Genomic multiple sequence alignments: refinement using a genetic algorithm
Department of Microbiology, University of Alabama at Birmingham, Birmingham, Alabama 35294-2170, USA
BMC Bioinformatics 2005, 6:200 doi:10.1186/1471-2105-6-200Published: 8 August 2005
Genomic sequence data cannot be fully appreciated in isolation. Comparative genomics – the practice of comparing genomic sequences from different species – plays an increasingly important role in understanding the genotypic differences between species that result in phenotypic differences as well as in revealing patterns of evolutionary relationships. One of the major challenges in comparative genomics is producing a high-quality alignment between two or more related genomic sequences. In recent years, a number of tools have been developed for aligning large genomic sequences. Most utilize heuristic strategies to identify a series of strong sequence similarities, which are then used as anchors to align the regions between the anchor points. The resulting alignment is globally correct, but in many cases is suboptimal locally. We describe a new program, GenAlignRefine, which improves the overall quality of global multiple alignments by using a genetic algorithm to improve local regions of alignment. Regions of low quality are identified, realigned using the program T-Coffee, and then refined using a genetic algorithm. Because a better COFFEE (Consistency based Objective Function For alignmEnt Evaluation) score generally reflects greater alignment quality, the algorithm searches for an alignment that yields a better COFFEE score. To improve the intrinsic slowness of the genetic algorithm, GenAlignRefine was implemented as a parallel, cluster-based program.

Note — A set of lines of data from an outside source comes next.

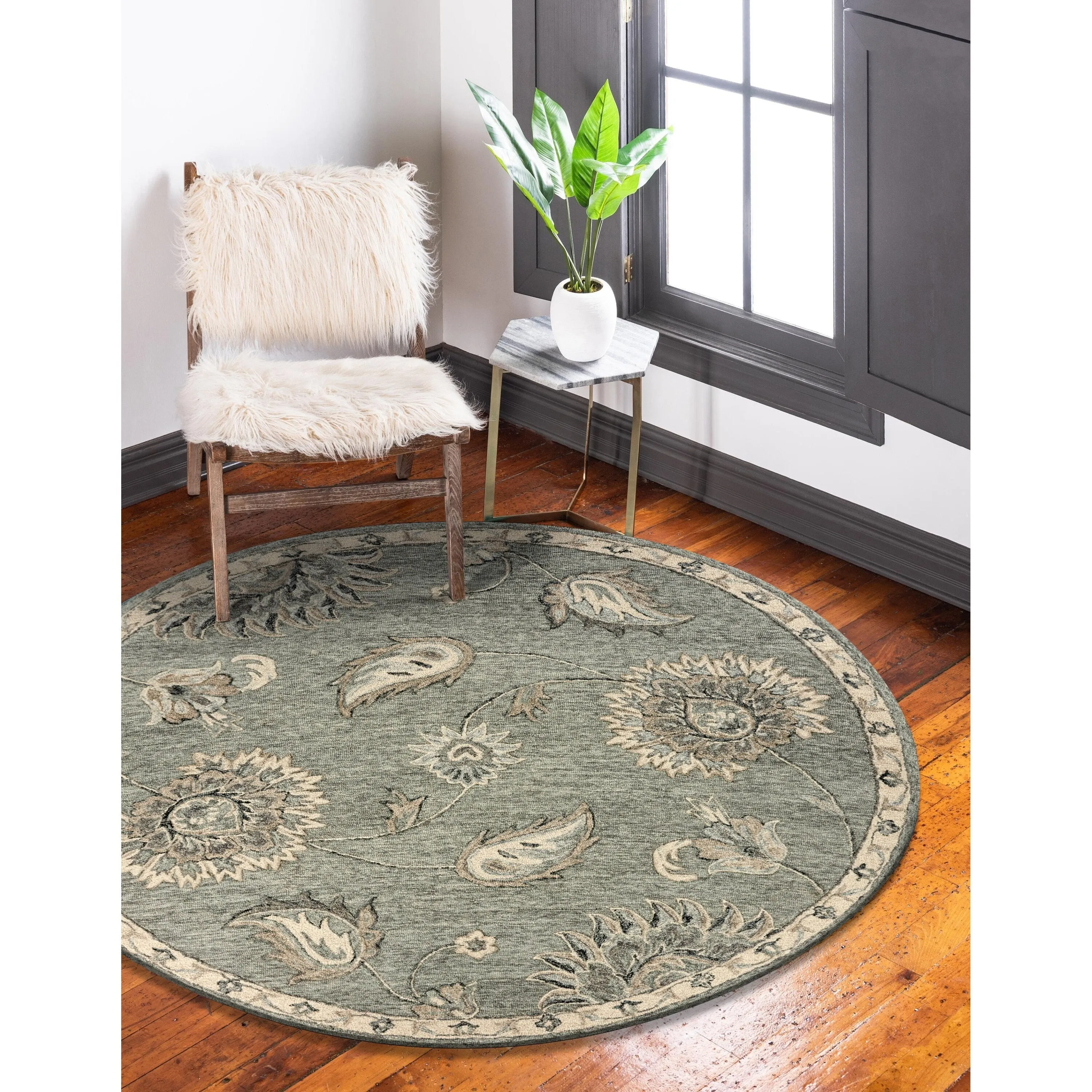 Sevita Traditional Botanical Area Rug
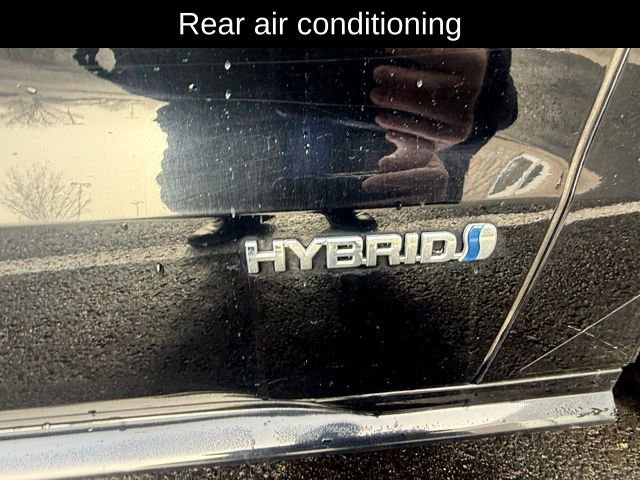 Used 2021 Toyota Sienna XLE image 15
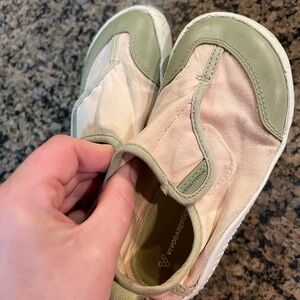 Vivo bearfoot shoes GAIA PRESCHOOL
PEACH MELBA
KIDS SIZE
US 9.5
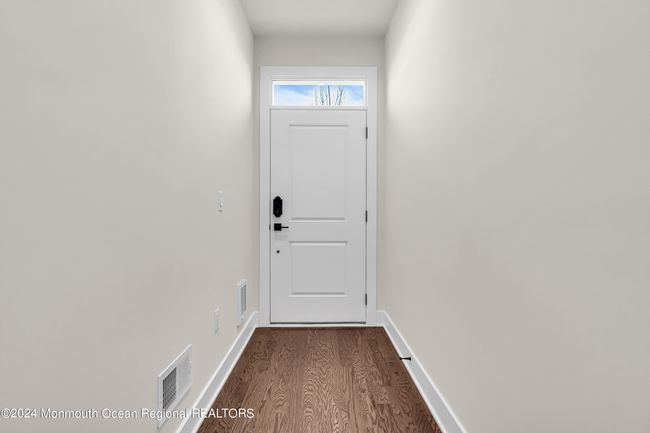 6 Augustus Dr, Condo with 4 bedrooms, 4 bathrooms and null parking in Middletown NJ | Image 36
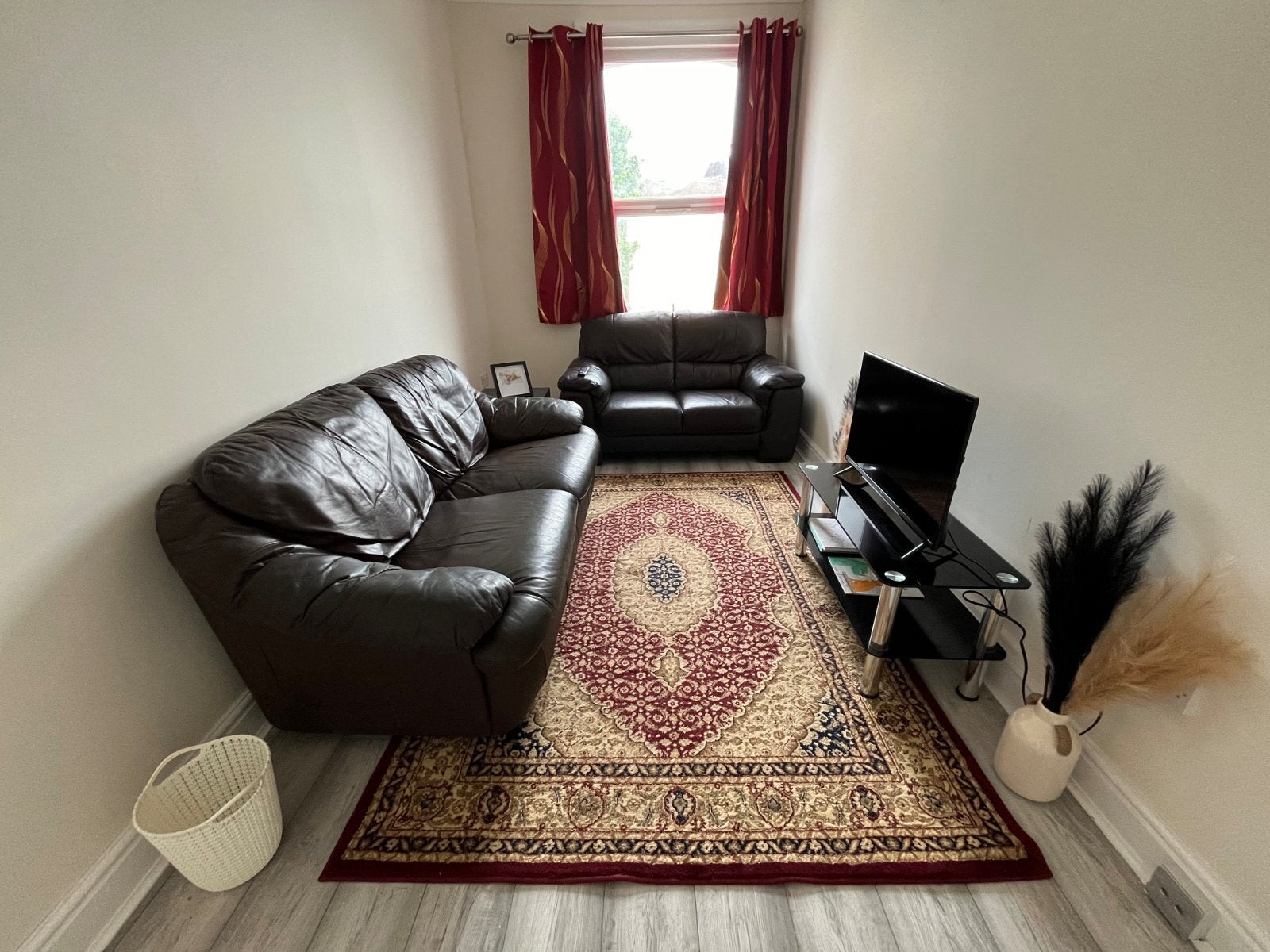 Room Kew Bridge Road in Greater London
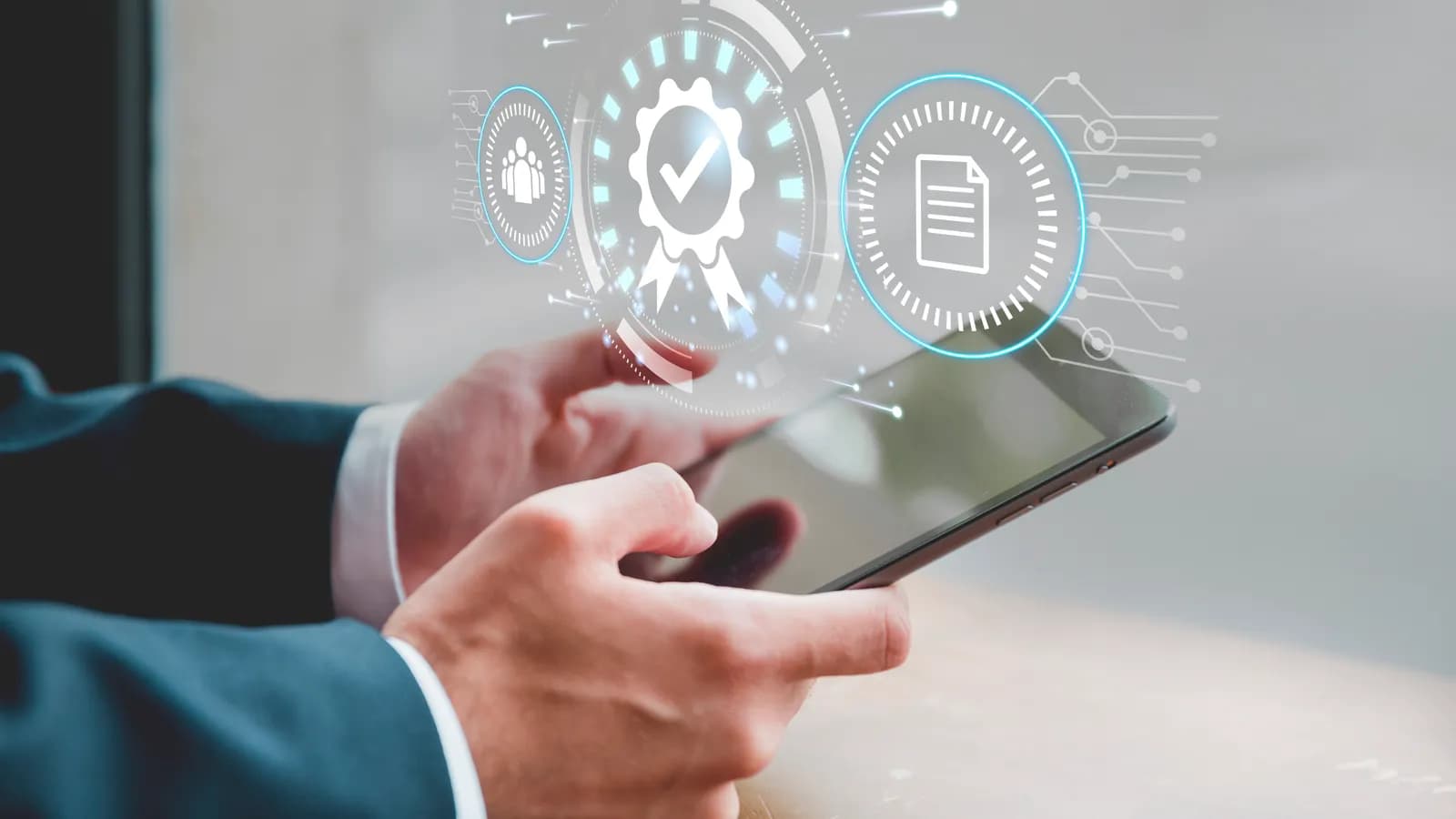 Unas manos sostienen un móvil del que emergen iconos de procesos: verificación, documentos y personas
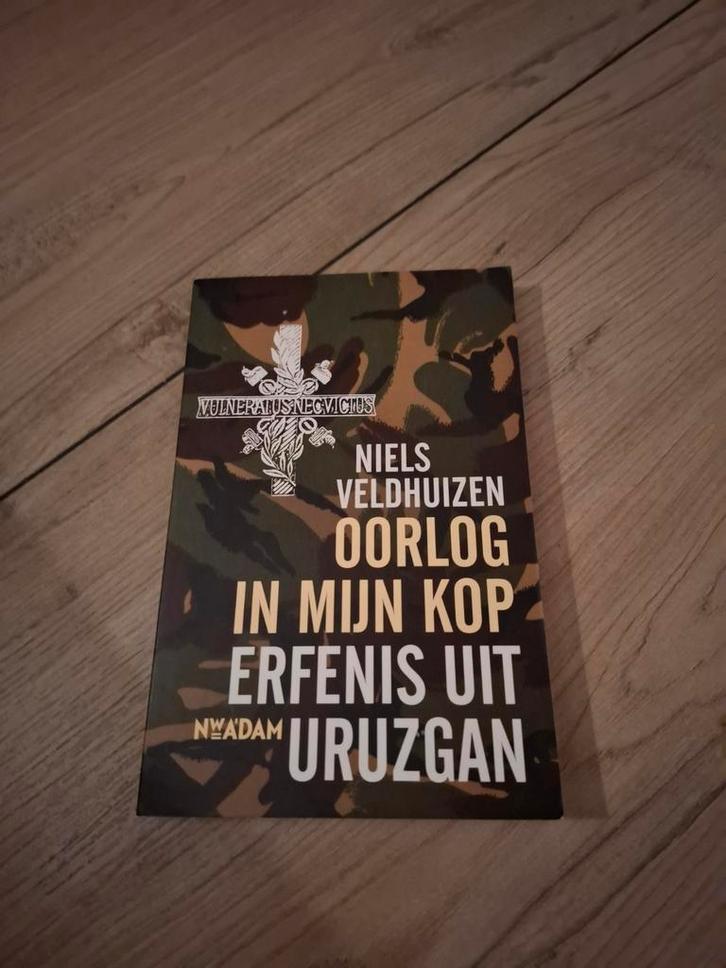 Niels Veldhuizen - Oorlog in mijn kop, Boeken, Overige Boeken, Zo goed als nieuw, Ophalen of Verzenden
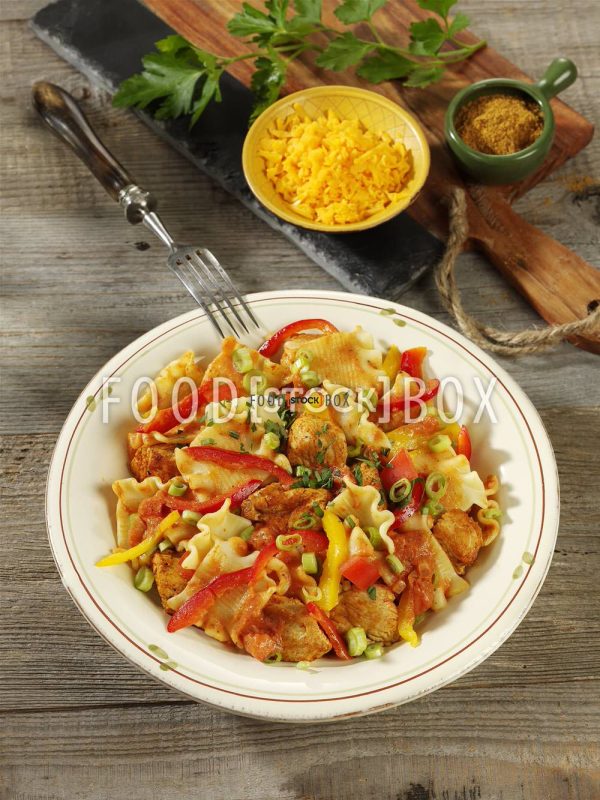 Fixe Fajita-Nudeln mit Pute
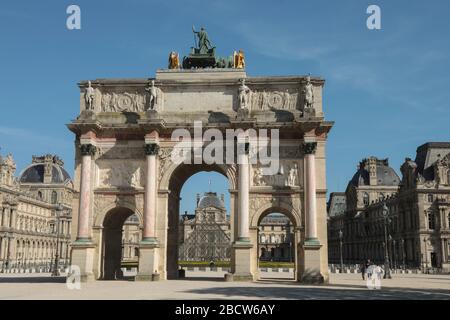 PARISER LOCKDOWN: EIN SONNIGER SONNTAG RUND UM DEN LOUVRE Stockfoto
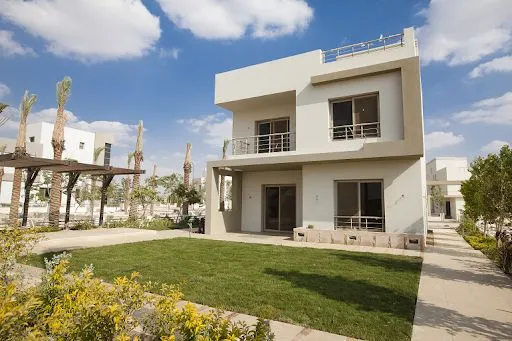 Sale in Grand Heights: stand alone villa resale granda hights october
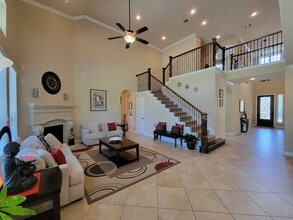 Building Photo - 715 Charleston Heights Ln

We tested the GenAlignRefine algorithm by running it on a Linux cluster to refine sequences from a simulation, as well as refine a multiple alignment of 15 Orthopoxvirus genomic sequences approximately 260,000 nucleotides in length that initially had been aligned by Multi-LAGAN. It took approximately 150 minutes for a 40-processor Linux cluster to optimize some 200 fuzzy (poorly aligned) regions of the orthopoxvirus alignment. Overall sequence identity increased only slightly; but significantly, this occurred at the same time that the overall alignment length decreased – through the removal of gaps – by approximately 200 gapped regions representing roughly 1,300 gaps.
We have implemented a genetic algorithm in parallel mode to optimize multiple genomic sequence alignments initially generated by various alignment tools. Benchmarking experiments showed that the refinement algorithm improved genomic sequence alignments within a reasonable period of time.